"I wanted to keep my boys home but they told me the school is
safe. But if I hear of one child sneezing, those boys are staying
home," said Dawson, who lives a stone's throw from the spot where
the infected man was rushed to a hospital.
At ground zero of the U.S. Ebola scare, many parents have faced the
question of whether to pull their children out of neighborhood
schools, which officials have reassured them are safe.
"This is a deadly disease. It's just crazy," Dawson said.
In U.S. cities with large populations of immigrants from West
Africa, where the largest outbreak of Ebola on record has killed
more than 3,400 people, school boards are trying to tamp down any
panic about Ebola.
At Sam Tasby Middle School, in the same Dallas neighborhood where
the Ebola patient stayed briefly, a message was posted on a sign
outside the school on Friday: "Children First. Our School is Safe."
But while Dallas has mostly kept its cool over the Ebola case,
attendance has dropped at the four schools that were attended by the
children who had direct contact with the infected man, Liberian
national Thomas Eric Duncan. Those children have been removed from
school for monitoring.
Attendance was 10 percent lower from normal levels, early figures
from the Dallas Independent School District show.

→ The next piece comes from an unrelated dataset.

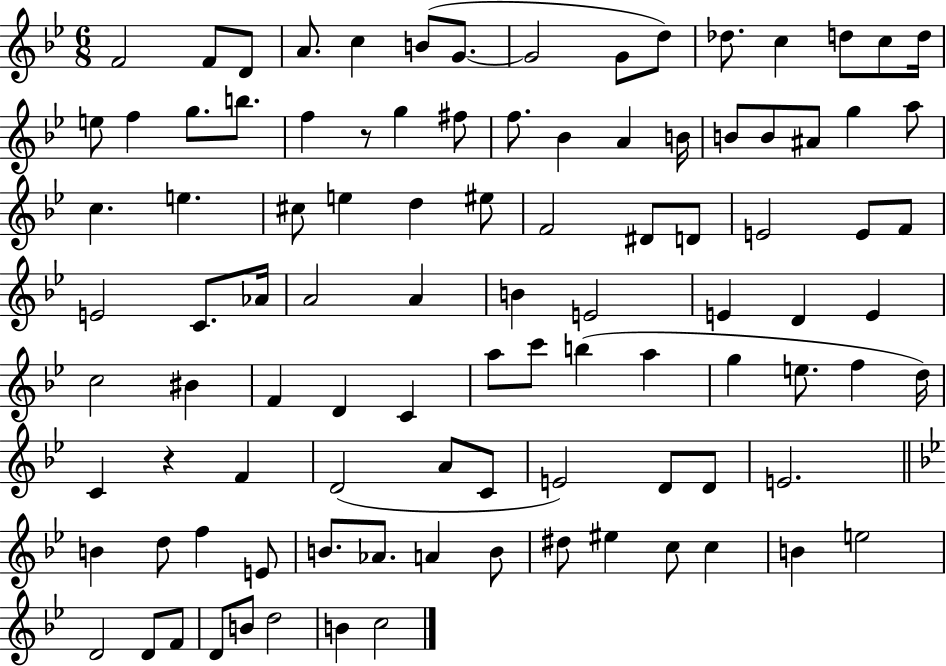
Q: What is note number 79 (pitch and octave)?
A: E4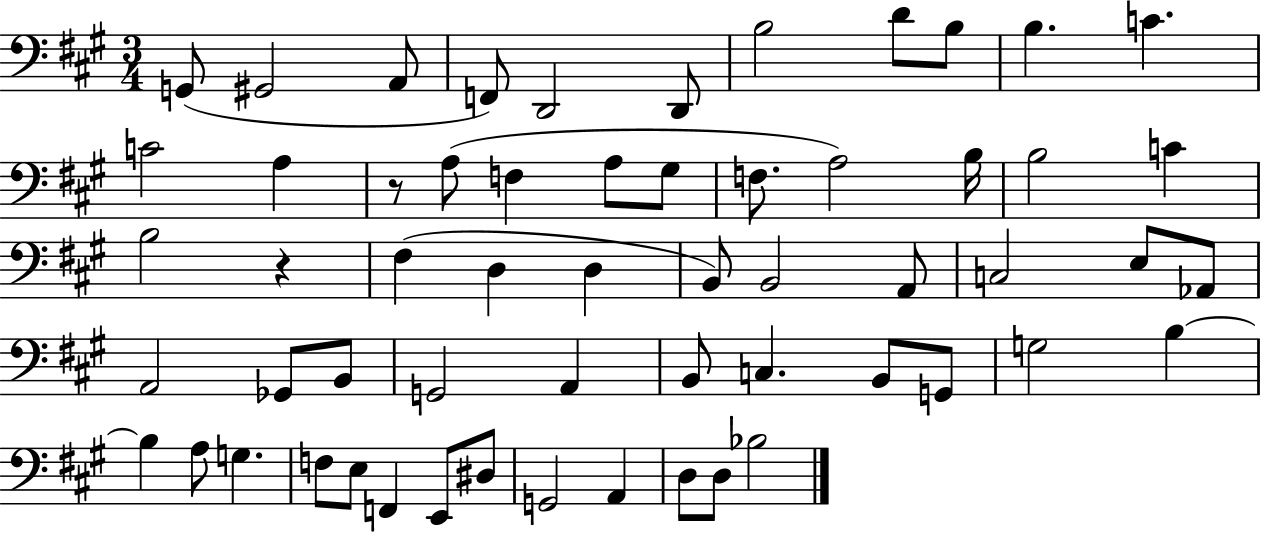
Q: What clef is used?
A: bass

The school board has equipped maintenance workers with protective
gear and had them scrubbing schools, deployed nurses and set up a
hotline so parents can call for updates.
It also sent a notice in English, Arabic, Nepali, Burmese and
Vietnamese to parents and guardians in the patient's melting pot
neighborhood of Vickery Meadow, saying there is no imminent danger
to children.
"As more information gets out, people calm down a little bit," said
Mike Miles, the Dallas Independent School District superintendent.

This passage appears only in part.